SUPPLIED MATERIAL |
☆ ☆ ☆ ☆

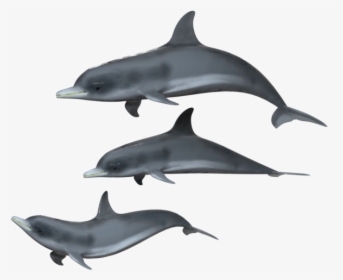 Dolphins Transparent Background, HD Png Download, Free Download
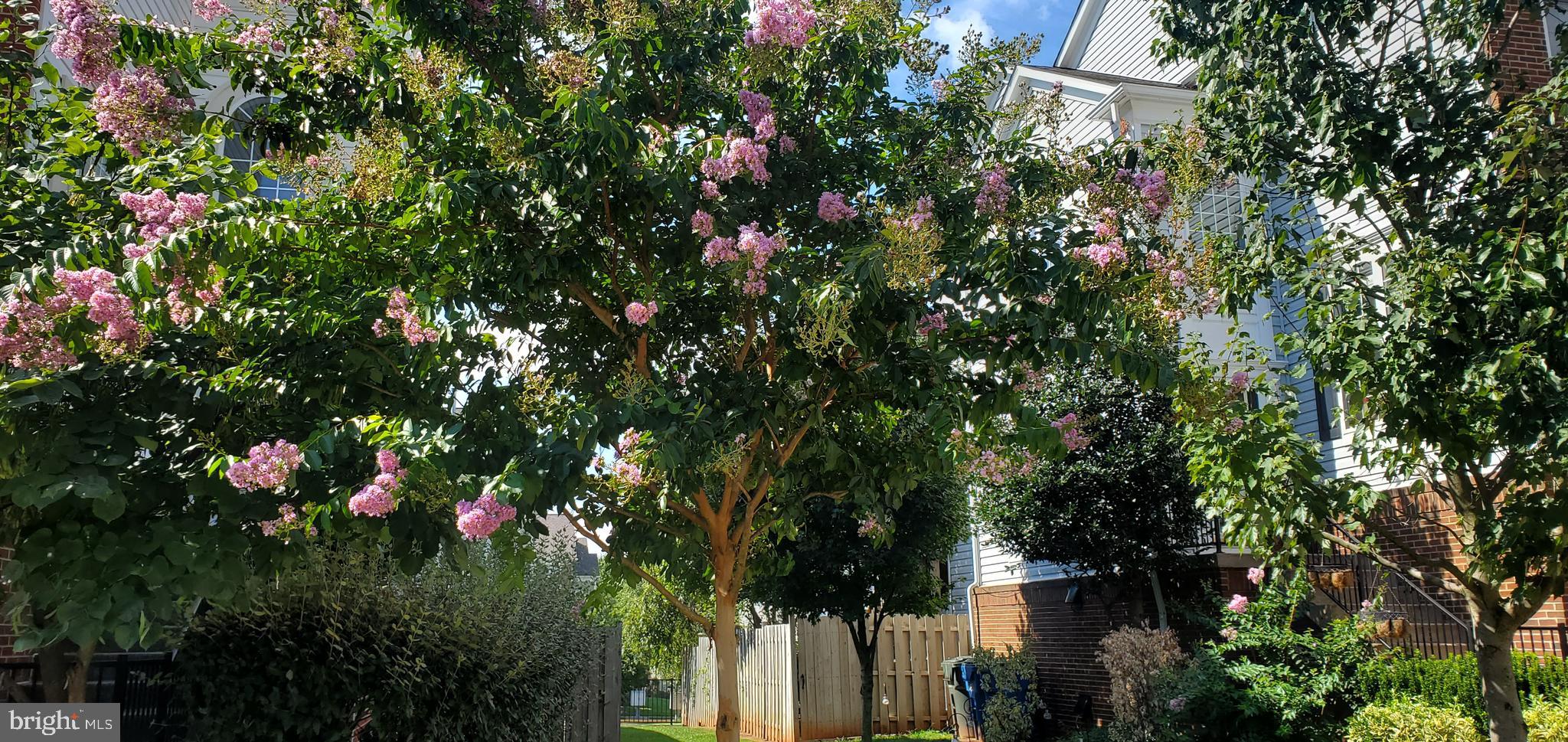 WESTMARKET - Residential Lease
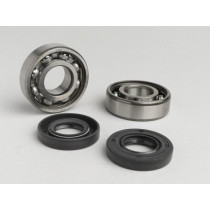 Bearing And Oil Seal Set For Crankshaft Oem Quality Derbi 50cc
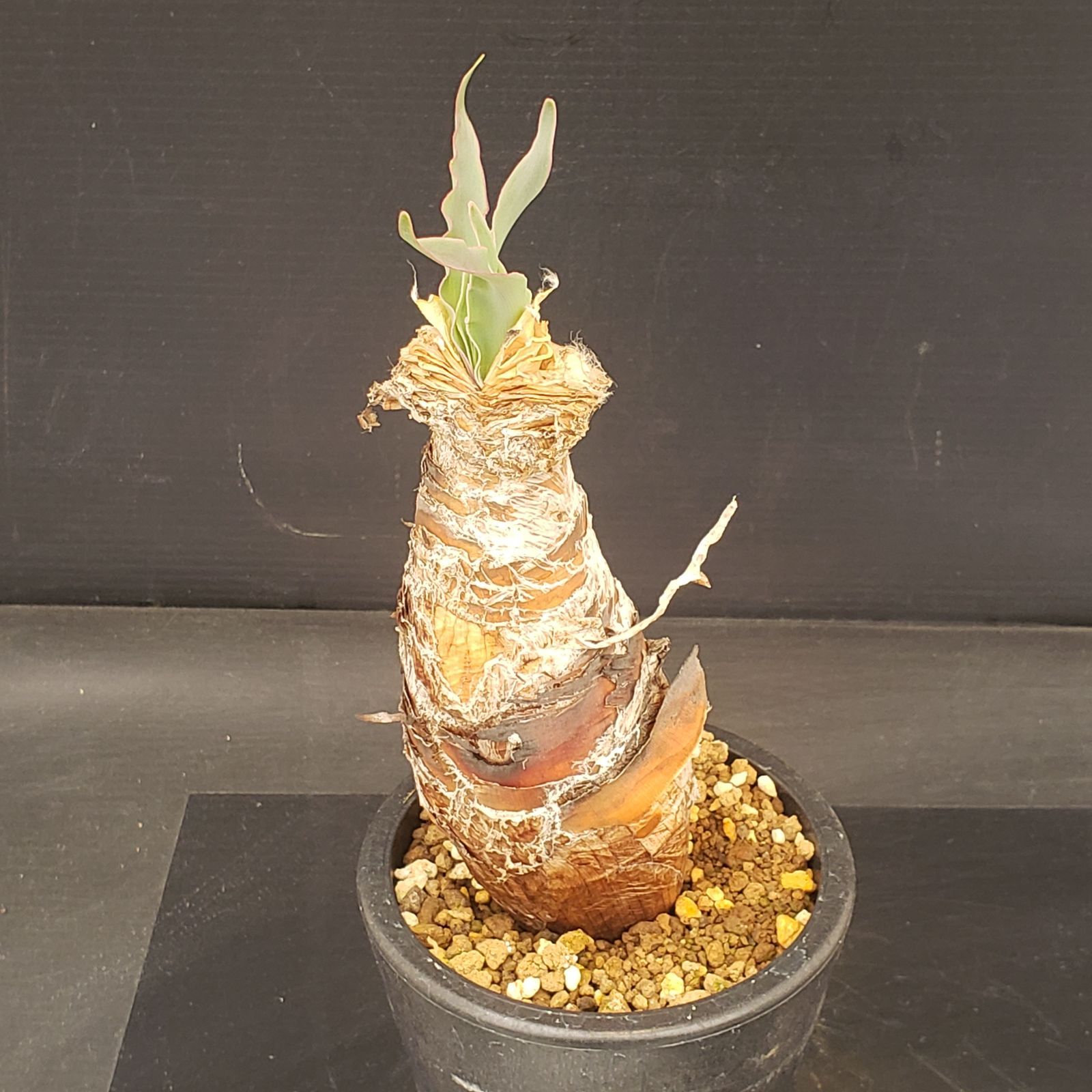 ケ2634 「球根植物」ブーファン ディスティチャ 抜き苗【最新到着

☆ ☆ ☆ ☆

THE PROBLEM | Take the line that holds "Bearing And Oil" as the start and the last line of the data as the end. Copy only those lines exactly, both ends included, except the pictures.

EXERCISE RESULT |
 Bearing And Oil Seal Set For Crankshaft Oem Quality Derbi 50cc
 ケ2634 「球根植物」ブーファン ディスティチャ 抜き苗【最新到着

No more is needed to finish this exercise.